[Records drawn from a dataset]
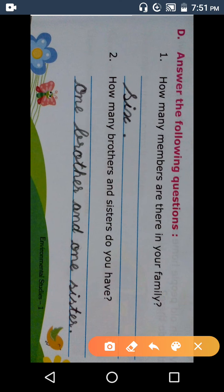Question Answer. Question number 1: How — H-O-W — how. Many — M-A-N-Y — many. 'Many' means 'k' (kitne).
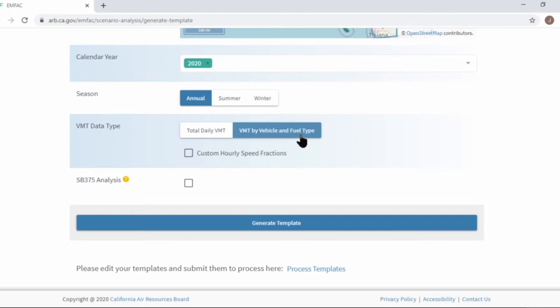If you click custom hourly speed fraction, you can also specify speed distribution of each vehicle type.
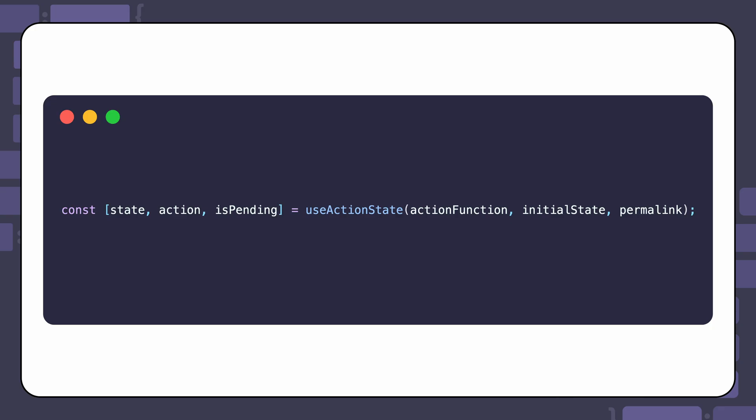Here is the basic syntax of the UseActionState hook. State is the current state the action returns. Action is the function that triggers the server action. isPending is a boolean that indicates whether the action is currently running or not. The action function parameter is the server action itself. InitialState is the parameter that represents the starting point for the state before the action runs. Permalink is an optional string that contains the unique page URL the form modifies.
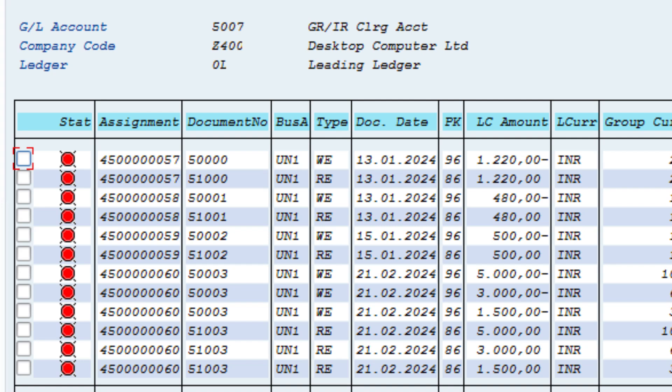Another example is the GR/IR account: we received inventory but the vendor has not received payment, so intentionally we keep this account open. Once we receive the invoice, we will offset it. Open item management needs to be activated in accounts where further action is required. It helps in monitoring all outstanding balances — what is due for customer collections, what is due for vendor payments, and handling down payments, partial payments, and residual items.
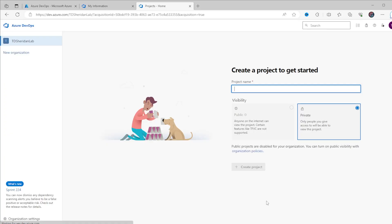Once you have your organization set up, create a new project. You're going to be configuring only a single folder inside the repository to sync with Azure Automation, so I'm going to name this project "Scripting" to hold all of my scripts. Do what makes sense for your use case here.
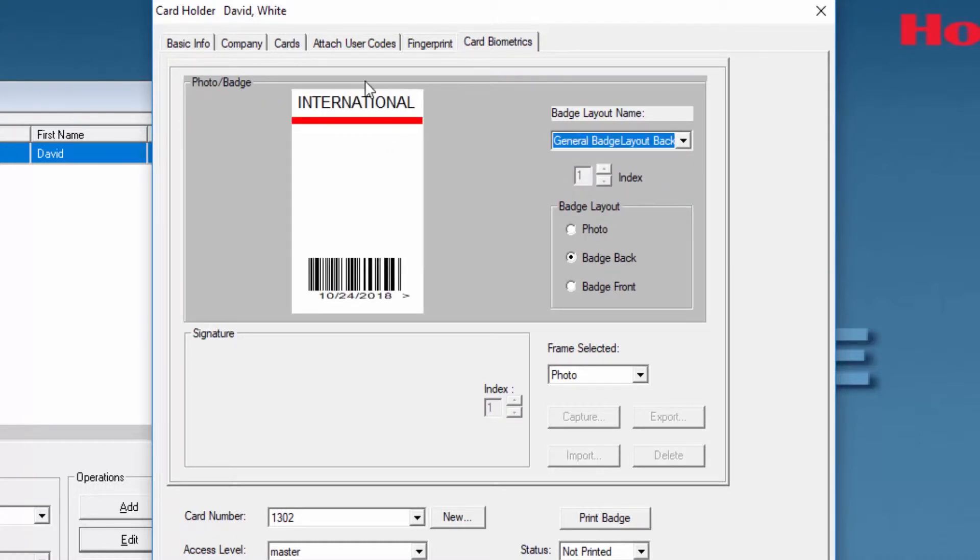You'll see how this is going to appear right here and also you can choose another one for the front.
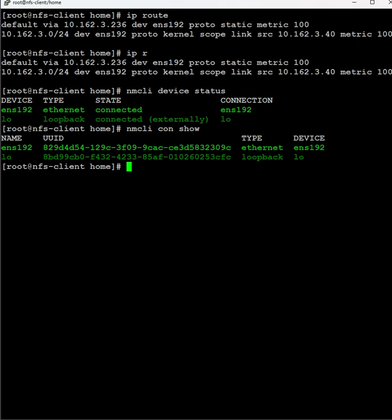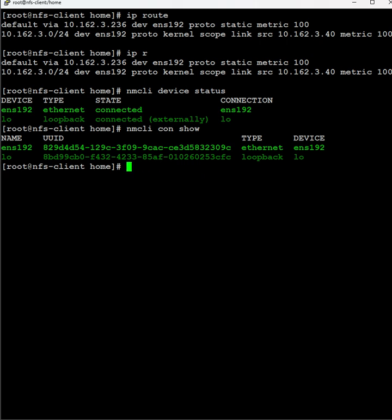If you want to bring up the connection status, use nmcli connection up and the ethernet name. For example, nmcli con up ens192. In case the ethernet connection is down, we can bring it up using the nmcli command.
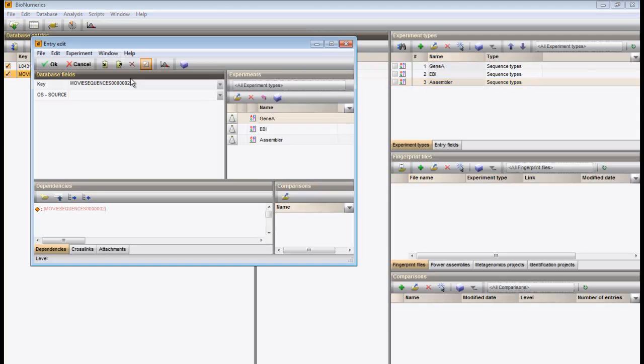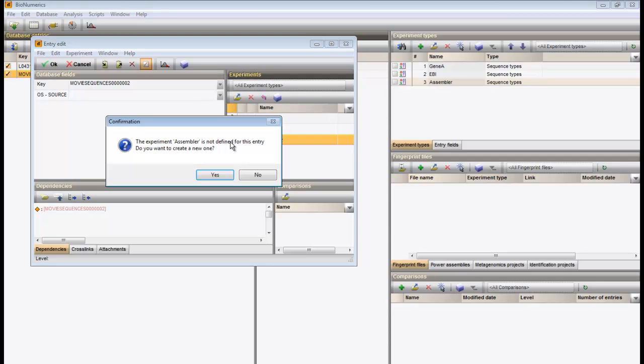Double-click on the newly created entry, and in the entry edit window, click on the flask next to the newly created sequence type.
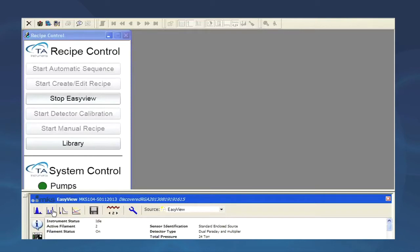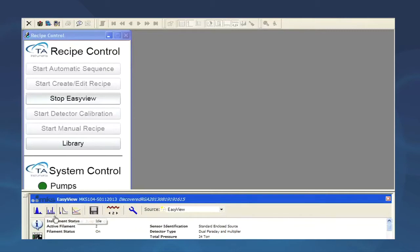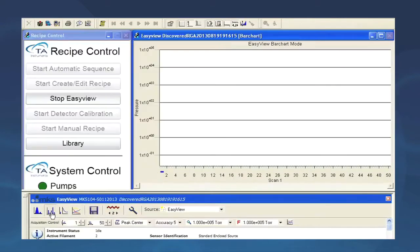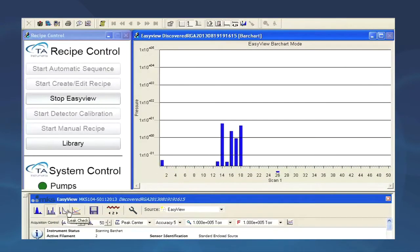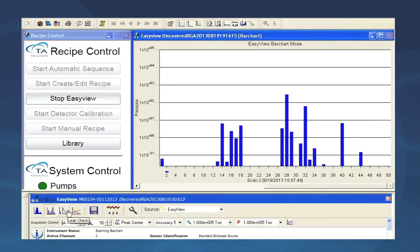There are two icons that allow us to access the bar chart and peak jump trend modes. Choose this icon to activate the bar chart mode. This will display a real-time scan of the ions being detected by the mass spectrometer.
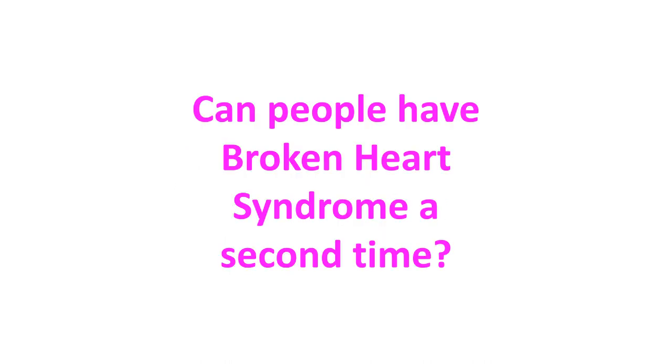Can people have broken heart syndrome a second time? Though it is rare, there is a 10% chance for recurrence. But most people after suffering from an episode of broken heart syndrome went on to lead a healthy and happy life.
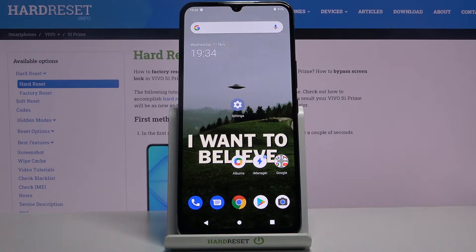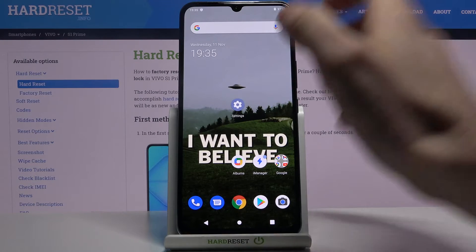Here I have Vivo S1 Prime and today I'm going to show you how to access developer options on this device.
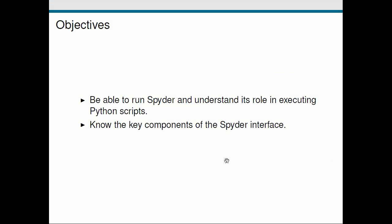Okay so to finish up this screencast we've seen how we can run this application called Spyder and we can use it to manage our programming. We also had a look at the three important components of the Spyder interface: the editor, the help, and the output, and we've run a simple script to get ourselves started. Okay so I'll see you in the next screencast.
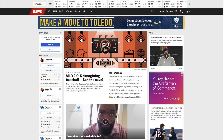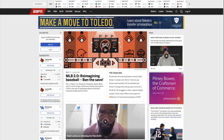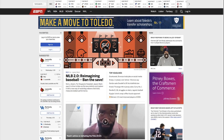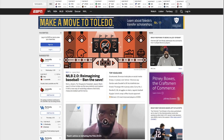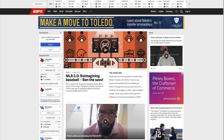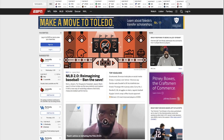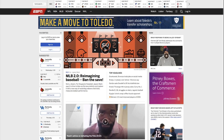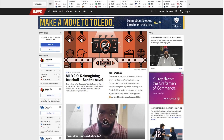Welcome to the future of enrollment management. Capture Behavioral Engagement is the perfect tool to engage prospects by displaying personalized messages at the moment they're engaged on your site. Meeting your class is an ongoing goal for every institution.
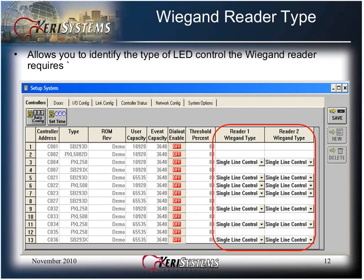The Wiegand reader type allows you to identify the type of LED control the Wiegand reader requires. There are three options for LED control: Single Line for a reader with one line or one wire control for the LED; Dual Line for a reader that uses two lines or wires to control the LED; and Essex Keypad, which displays its state via two separate LEDs. Please refer to the reader manufacturer's installation guide for wiring instructions. Only PXL250W and PXL500W series controllers will display the reader Wiegand type.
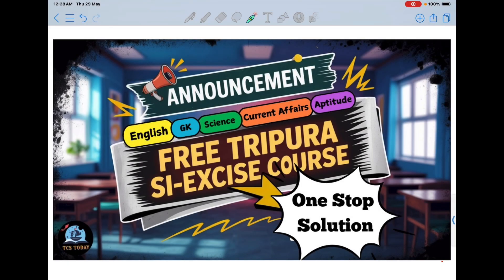Hello everyone, I welcome everyone to this new video. Today I am here with an announcement: I am going to start a course, or you can say a batch, for the Excise Examination. This is going to be completely free and it will be available on YouTube only.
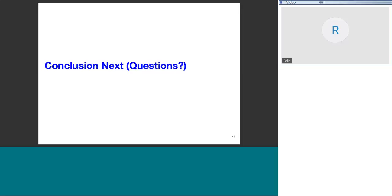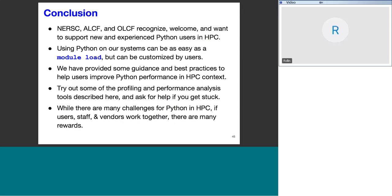In closing, we welcome Python users at our facilities and want to point out that getting started is as easy as 'module load', but from there you can take it far in terms of customization. We hope we've provided guidance and best practices to improve your Python experience in the HPC context. We encourage you to try profiling and performance analysis tools discussed here. While there are many challenges for Python in HPC, working together with users can yield many rewards.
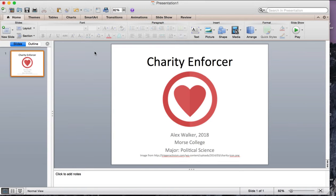Charity Enforcer is a Google Chrome extension that is designed to keep people focused by redirecting procrastinating users to charity sites.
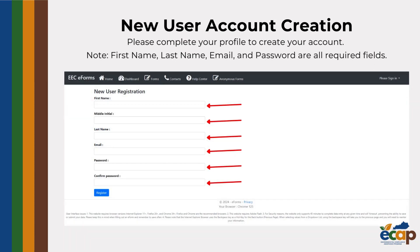Once you click the register button, you will be brought to the new user registration page. Here you will be prompted to enter your full name and email address, as well as create a password.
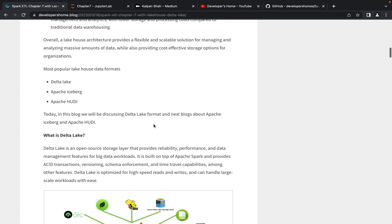Delta Lake is an open-source storage layer that provides reliability, performance, and data management features for big data workloads. It provides ACID transactions, versioning, schema enforcement, and time travel capability. We store data in raw format but still get ACID properties. You can do versioning, create indexing such as Z-order, and do partitioning. We treat these as SQL tables while still storing data in raw format — that's what Delta Lake is.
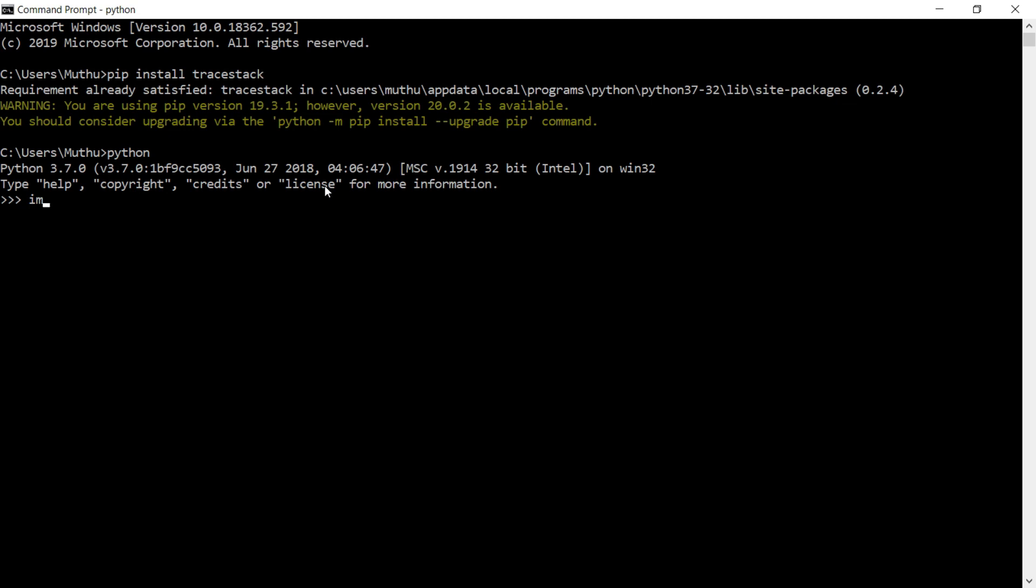After importing the module, we need to test this module. Type some unrelated codes in your Python script and surely Python will show some error messages in your terminal.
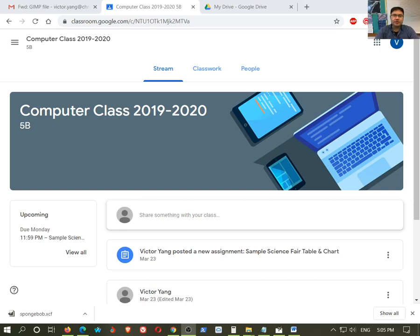Hello class, this video is about how to turn in your assignments in Google Classroom.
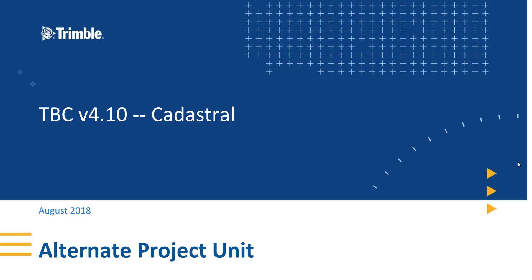Hello and welcome to a video about the alternate project unit in TBC Trimble Business Center. This feature was introduced in TBC version 4.10 and is included in later versions.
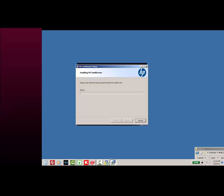So let's go ahead and install the main components of LoadRunner, which are VuGen, the controller, and analysis.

--- What this task involves ---
An exact copy of the lines above, from the first through the line that holds "If you click", is what is needed; leave the pictures out.

--- Answer section ---
Question Answer. Question number 1: How — H-O-W — how. Many — M-A-N-Y — many. 'Many' means 'k' (kitne).
If you click custom hourly speed fraction, you can also specify speed distribution of each vehicle type.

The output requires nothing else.